WHAT YOU ARE ASKED TO DO:
Could the lines from the line bearing "Under timeout settings, the" to the end of the records below be copied exactly, with the pictures left out and no other lines added?

Saved entries:
============
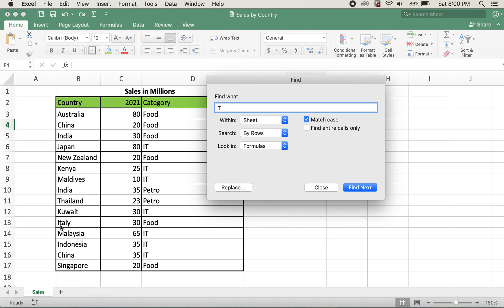So when I do IT and Match Case, it won't match Kuwait's IT and Italy's IT.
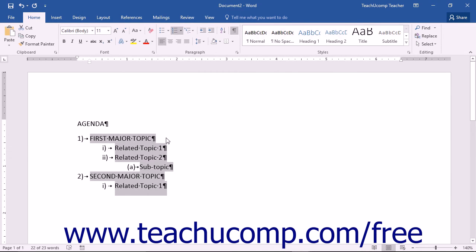You will then see the outlined list that you have created. Note that if there are any mistakes within the outlined hierarchy of subjects, they are very easy to correct.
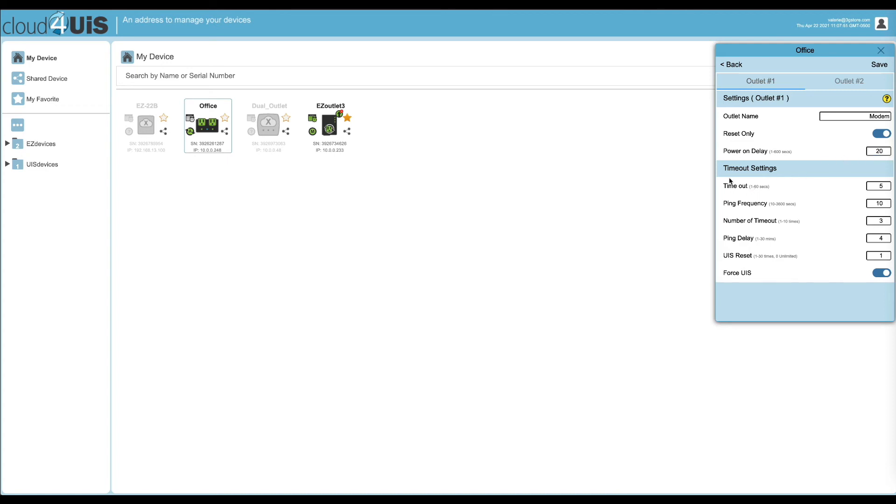Under timeout settings, the first three will stay at default, though you might increase these if you're on a limited data plan. Ping delay is configured in minutes and we want to enter an approximate time in which it will take our modem and router to reboot and establish an internet connection. Keep in mind the power on delays you configure for both outlets.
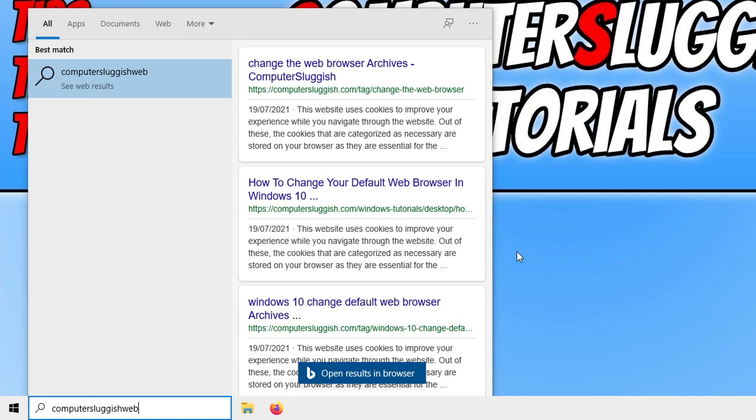I don't want my Start menu to do this. I don't want it to show anything. So to disable this from happening, we need to open the Registry Editor because you can no longer do it within the Windows settings.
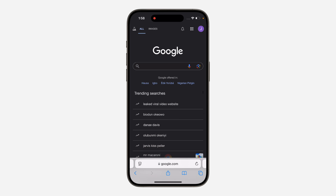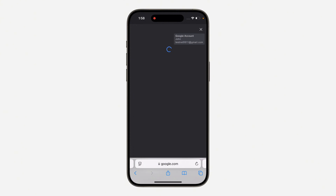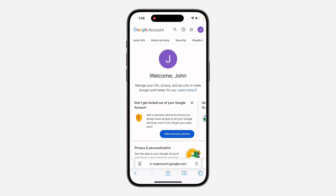The first thing is to open up any browser of your choice and search for google.com. Once you search for google.com, click on the profile icon in the top right corner and make sure you log into the Google account that you want to remove the passkey from. After that, click on 'Manage your Google Account'.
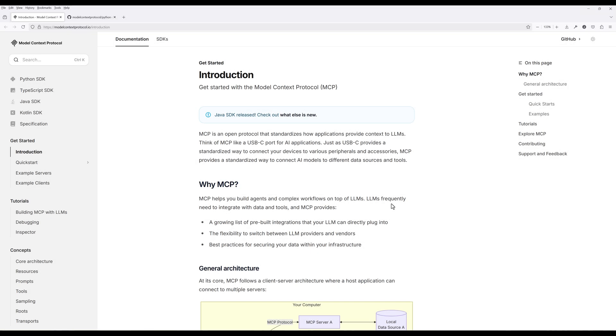If you've ever wanted your cloud assistant to directly interact with web content, then you'll appreciate the MCP server we're going to build in today's tutorial. In this tutorial, we're going to build a web scraping tool for Cloud desktop using the Model Context Protocol in Python.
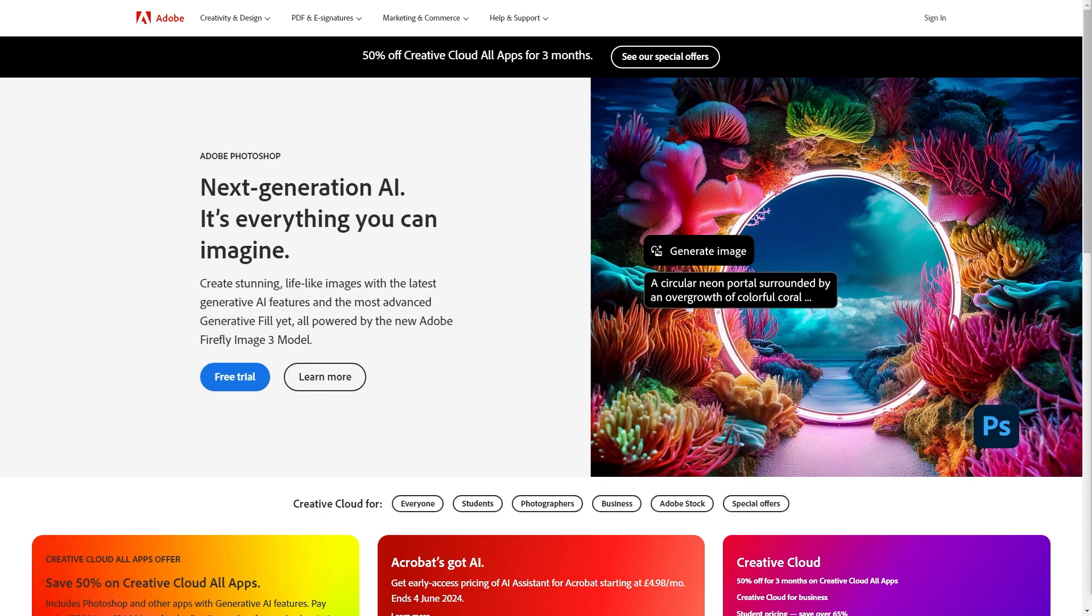However the first thing you need to do is just head over to Adobe and sign into your account, and you can do that on PC by going up to the top right corner and clicking sign in.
============
TASK ANSWER:
Under timeout settings, the first three will stay at default, though you might increase these if you're on a limited data plan. Ping delay is configured in minutes and we want to enter an approximate time in which it will take our modem and router to reboot and establish an internet connection. Keep in mind the power on delays you configure for both outlets.
I don't want my Start menu to do this. I don't want it to show anything. So to disable this from happening, we need to open the Registry Editor because you can no longer do it within the Windows settings.
The first thing is to open up any browser of your choice and search for google.com. Once you search for google.com, click on the profile icon in the top right corner and make sure you log into the Google account that you want to remove the passkey from. After that, click on 'Manage your Google Account'.
If you've ever wanted your cloud assistant to directly interact with web content, then you'll appreciate the MCP server we're going to build in today's tutorial. In this tutorial, we're going to build a web scraping tool for Cloud desktop using the Model Context Protocol in Python.
However the first thing you need to do is just head over to Adobe and sign into your account, and you can do that on PC by going up to the top right corner and clicking sign in.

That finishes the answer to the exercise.